The New York Times has published a critique of Coinbase’s internal diversity policies, with several former employees complaining of “racist or discriminatory” treatment.
The report by journalist Nathaniel Popper, published Friday, is based on commentary from 23 current and former Coinbase employees. It paints the picture of a company that “has long struggled with its management of Black employees.”
Coinbase, which became aware of a potential story during the fact-checking process, attempted to front-run the story Wednesday evening. The company emailed a statement to its employees and then published that email in a blog post, alerting the public to an imminent “negative story.”
“Given that this story may be read by your friends, family and professional contacts, we wanted to give everyone a heads-up and provide some important context,” the statement reads. Notably, it expressed the company's belief that the NYT’s report would “likely quote” three former Coinbase employees and one former contractor. This proved to be an underestimation.
'Never experienced anything like Coinbase'
The NYT's report details several incidences of allegedly discriminatory behavior, ranging from racial stereotyping to inadequate practices around the hiring and promotion of Black employees. The Times reports that at least 11 former employees contacted the human resources department or their managers about such incidents.
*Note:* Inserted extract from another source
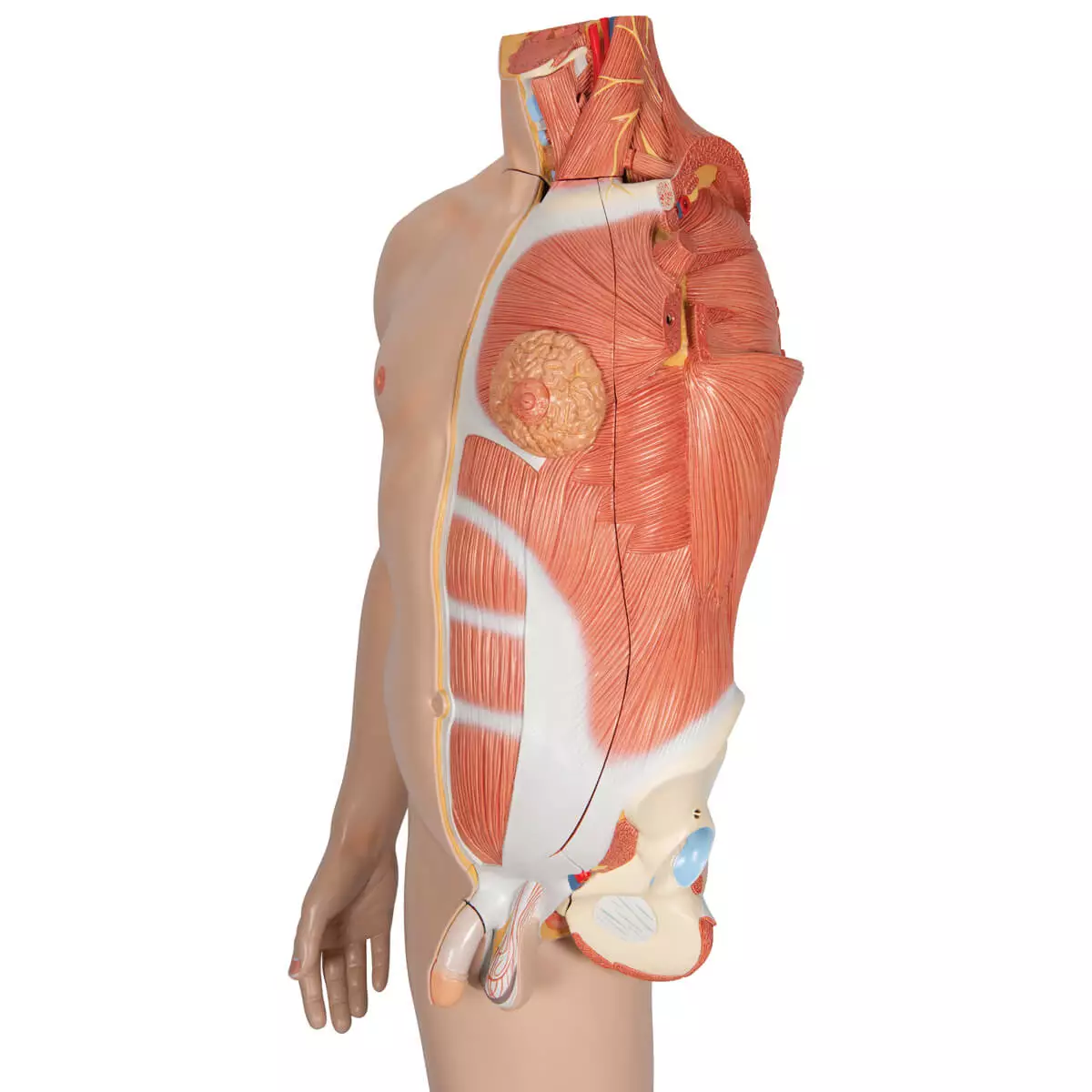  Modèle musculaire à deux sexes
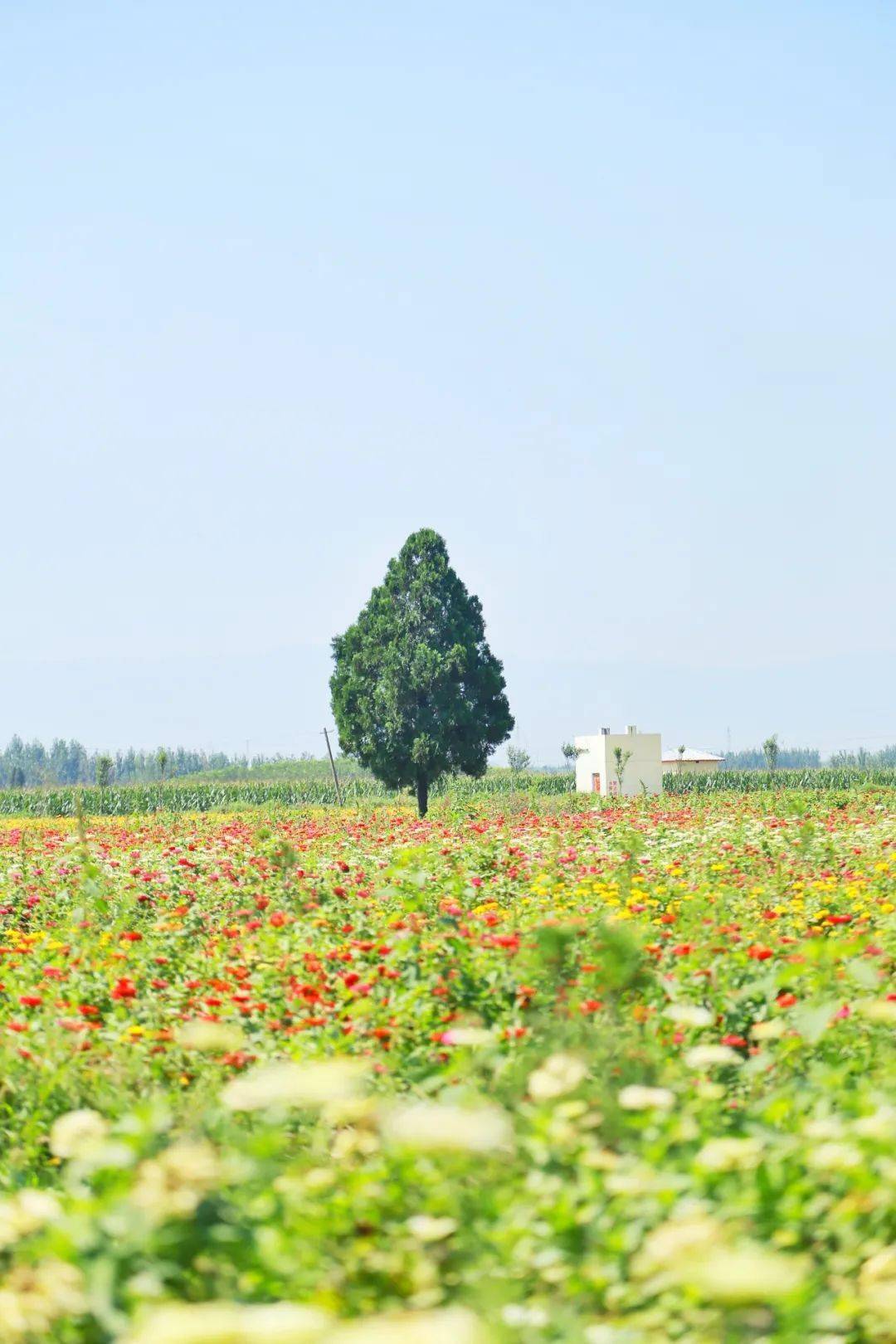 距宝鸡市区半小时车程,这两片花海正在盛放!油葵,百日菊.统统免费哟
Crypto, like the larger tech industry, has come under fire for a lack of diversity. In an opinion piece for CoinDesk titled “The Crypto Community Needs to Stand Up and Fight Racism,” Robert Greenfield, CEO of Emerging Impact, wrote, “The crypto community is conveniently selective about what aspects of society it wants to change.”
“Most people of color working in tech know that there’s a diversity problem,” said one former Coinbase employee, Alysa Butler, in Popper’s article. “But I’ve never experienced anything like Coinbase.”
Kim Milosevich, a Coinbase spokesperson, told the New York Times the company “does not tolerate racial, gender or any other forms of discrimination.” She is also quoted as saying, “All claims of discrimination are treated very seriously, investigated by both internal and third parties, and the appropriate action is taken.”
Coinbase, an $8 billion exchange, made headlines in September after CEO Brian Armstrong published an open letter declaring Coinbase as an “apolitical” and “mission driven” company, with the understanding that social justice issues should not be discussed on company time or channels.